Stella & Chewy’s strictly follows Hazard Analysis and Critical Control Point (HAACP) guidelines, a prevention-based food safety system established by the FDA and USDA. Low levels of safe, pathogen-fighting ozone and hydrogen peroxide prevent contamination by surface and air-borne pathogens. 
Store Locator: https://www.stellaandchewys.com/where-to-buy/ https://www.stellaandchewys.com/ 
12# Bag = $65 at Chewy https://www.chewy.com/stella-chewys-stellas-super-beef/dp/137612 

_You may find other commercially prepared brands in your area, *but *the description *MUST SAY*: meets the AAFCO standard for *complete and balanced nutrition for all life stages*._

_Moms 
_


----------



## chevyfreese (Apr 26, 2018)

Hello wantes to pop in and ask a question. 
I have had to clean maggies ears pretty consistantly, the vet told me either she would have no ear infections or chronic because thats with GSD.. have you found this to be true?


----------



## Nurse Bishop (Nov 20, 2016)

I have a horror of foxtails (grass awns) in dog's ear. Non GSDs I have had got them, and they can migrate with their one way structure right down into the dog's brain. These were flop ear breeds. Can it be that the big upright ears of GSD they can just shake their head and dislodge the foxtail before it goes down the ear? Has anyone here had foxtail in ear GSD?


----------



## Magwart (Jul 8, 2012)

chevyfreese said:


> I have had to clean maggies ears pretty consistantly, the vet told me either she would have no ear infections or chronic because thats with GSD.. have you found this to be true?



It depends on the dog. I clean my dogs' maybe once a month. Mostly we're just getting dust out. Some of our dogs almost never have gunk in them. Some of them are consistently very gunky. Gunky ears all the time are sometimes a sign of a low grade infection. It's not "normal" for a GSD to have lots of black gunk! If you're finding it, it's a sign of a problem. I don't believe chronic ear infections need to be chronic. I've treated so many of them in rescue successfully that I get a little mad when vets just give up on fixing them, repeating the same thing that hasn't worked before -- they _hurt_. When you see a dog with gunky ears trying to rub their paws on them, they're saying, "Ow, it's uncomfortable!" It's work to fix them, but they're fixable -- and once you treat them successfully, most of the time getting the dog on a limited ingredient or non-kibble diet makes them stop recurring. Sometimes, though, environmental allergies are extremely difficult to control (as in IllinoisNative's dog's case), and then it can be much harder. I really do think that there's an allergic component to many of the recurrent dogs based on what I've seen -- just as with skin, an allergic reaction triggers inflammation, and opportunistic microbes all around us love setting up house where there's inflammation because it's a vulnerability that's attractive to them. When you get the allergy under control, you treat the current infection, and then you stop having a welcome mat out for those bad microbes.

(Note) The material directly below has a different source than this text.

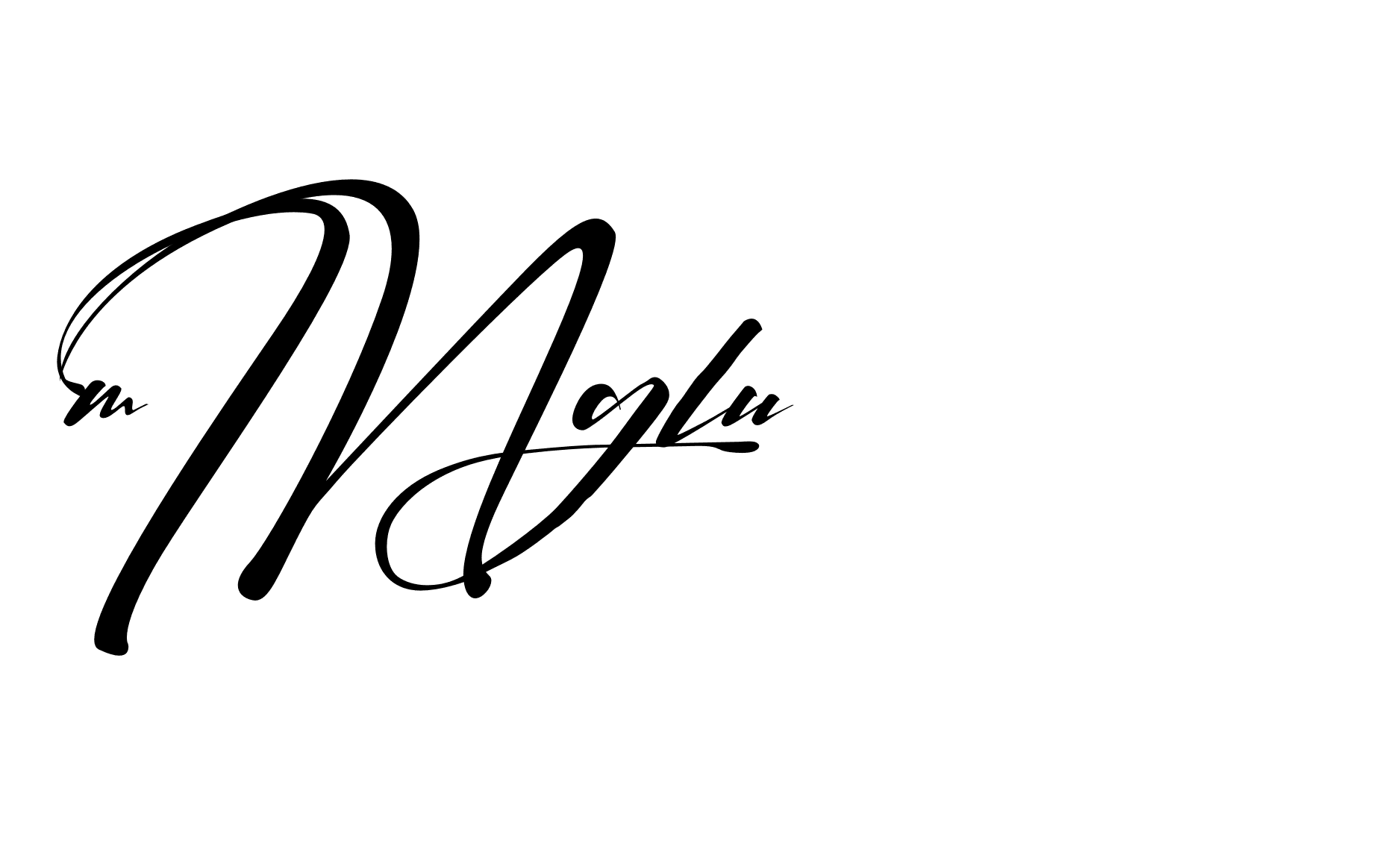 The best way (BetterlettRegular-Ea5Lj) to make a short signature is to pick only two or three words in your name. The name Ceard include a total of six letters. For converting this name. Ceard signature style 2 images and pictures png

This is the best ear cleaner I've ever found -- it's the cleanser companion product to the Zymox solution linked above, but instead of _treating_, it just _cleans:_

https://www.zymox.com/zymox-ear-cleanser-4-oz

I love this product because it's painless for the dog -- it's honestly the most humane cleaner I've found. Many dog ear cleaners are quite painful for dogs with low grade infections, and once an ear cleaning hurts, you'll always have a dog who resists allowing it! (Some vets also use a vinegar/water solution, and that was common in the sheltering world because it's cheap -- I stopped using it because I think can be painful for dogs with problems).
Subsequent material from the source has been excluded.